Let's get this out of the way first. The S&P/ASX 200 Index (ASX: XJO), well, it had a shocker today. At the closing bell, the ASX 200 was down by a very depressing 2.99%. That's the largest one-day fall we have seen in quite a while. That's never a good sign for the ASX bank shares.
The big four ASX banks make up four of the six largest companies on the ASX 200 Index by market capitalisation. Between them, they account for almost 20% of the entire ASX 200's weighting. So the ASX 200 isn't going to go down by a whopping near-3% without dragging the banks down with it.
The largest of the big four, Commonwealth Bank of Australia (ASX: CBA), ended the day down by 2.05%.
National Australia Bank Ltd (ASX: NAB)? It lost 2.49%. Westpac Banking Corp (ASX: WBC) was down a meaty 2.36%.
But it's the Australia and New Zealand Banking Group Ltd (ASX: ANZ) share price that has copped it the worst today. ANZ shares fell by a very horrible 3.44% and at the close were going for $26.68 a share.
ANZ share price singled out for punishment today.
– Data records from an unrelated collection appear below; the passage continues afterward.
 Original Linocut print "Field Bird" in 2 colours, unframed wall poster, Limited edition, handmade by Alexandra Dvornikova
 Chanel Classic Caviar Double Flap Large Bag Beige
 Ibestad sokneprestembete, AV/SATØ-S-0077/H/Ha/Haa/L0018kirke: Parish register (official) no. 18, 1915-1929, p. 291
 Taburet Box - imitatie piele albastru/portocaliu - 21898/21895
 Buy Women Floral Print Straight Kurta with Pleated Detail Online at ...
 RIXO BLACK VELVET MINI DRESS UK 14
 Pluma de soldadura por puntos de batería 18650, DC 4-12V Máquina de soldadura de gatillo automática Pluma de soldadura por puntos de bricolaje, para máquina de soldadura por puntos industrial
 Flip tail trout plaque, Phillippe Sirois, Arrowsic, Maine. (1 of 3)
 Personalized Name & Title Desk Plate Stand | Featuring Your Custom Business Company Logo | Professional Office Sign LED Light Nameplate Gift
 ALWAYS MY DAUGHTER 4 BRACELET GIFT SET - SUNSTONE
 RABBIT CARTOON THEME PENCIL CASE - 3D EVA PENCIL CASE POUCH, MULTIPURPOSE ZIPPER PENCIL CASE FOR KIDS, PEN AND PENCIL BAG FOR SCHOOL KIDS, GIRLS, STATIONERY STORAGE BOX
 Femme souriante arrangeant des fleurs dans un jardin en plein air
But why?
ANZ shares have arguably not been on the right side of ASX investors for a while now.
NAB and CBA shares have both given investors returns exceeding 15% over the past 12 months. Yet ANZ is up just 0.1% over the same period. And the bank was even technically kicked out of the 'big four', albeit briefly, back in November last year. That was when the market cap of Macquarie Group Ltd (ASX: MQG) exceeded ANZ's, making it the fifth-largest ASX bank for a time.
Earlier this week, my Fool colleague Tony looked at some of the reasons why ANZ hasn't seemed to be the pick of the ASX bank share bunch for a few years now. The bank's falling share of the owner-occupied housing market may be to blame. That's due perhaps to processing issues it has recently had with writing mortgages.
But investors don't seem to be in a forgiving mood today.
This ASX 200 big four bank has a market capitalisation of $74.97 billion, with a dividend yield of 5.33%.